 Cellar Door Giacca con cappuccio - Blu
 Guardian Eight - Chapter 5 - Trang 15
--
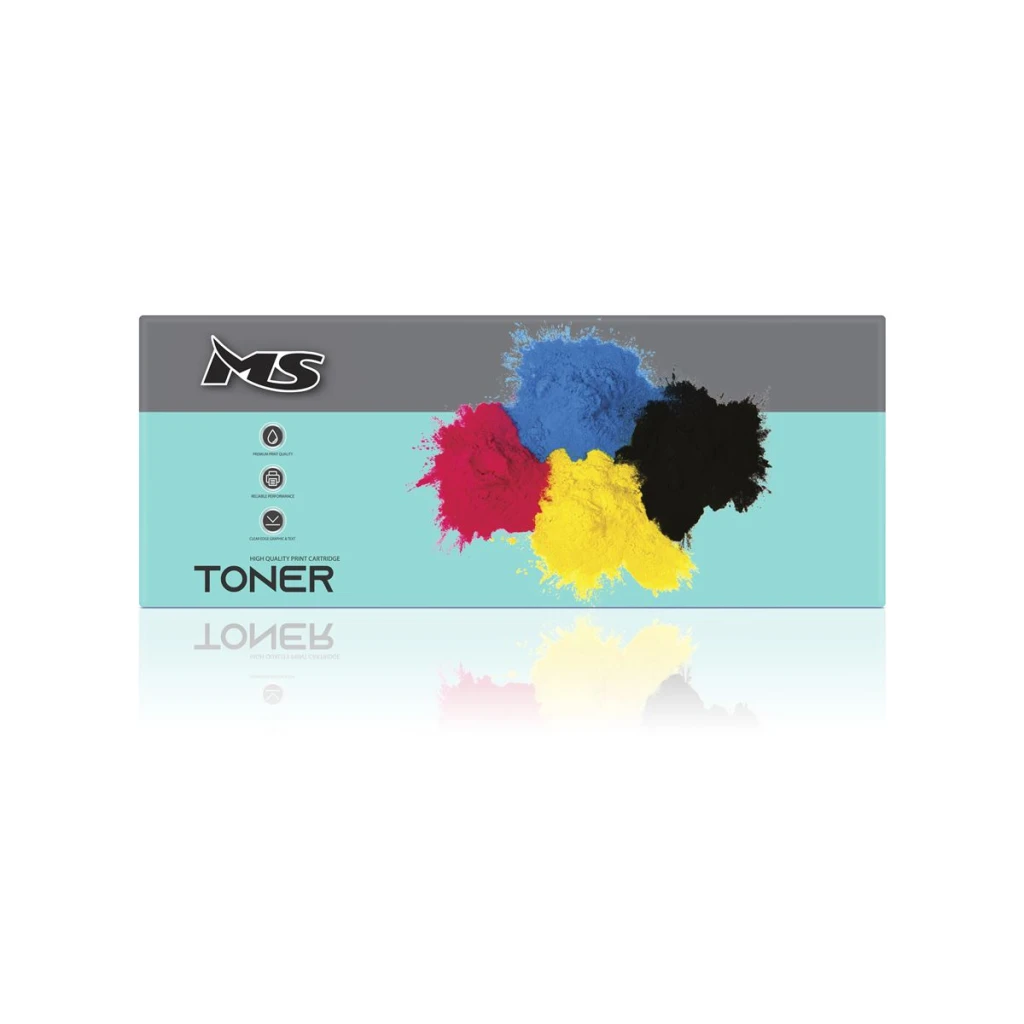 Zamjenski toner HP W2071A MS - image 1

◆ Work task ◆
Using only the entries above, output the line with "Cellar Door Giacca con cappuccio - Blu", the line with "Guardian Eight - Chapter 5 - Trang 15", and all lines between them, exactly as they stand.

◆ Solution to this exercise ◆
 Cellar Door Giacca con cappuccio - Blu
 Guardian Eight - Chapter 5 - Trang 15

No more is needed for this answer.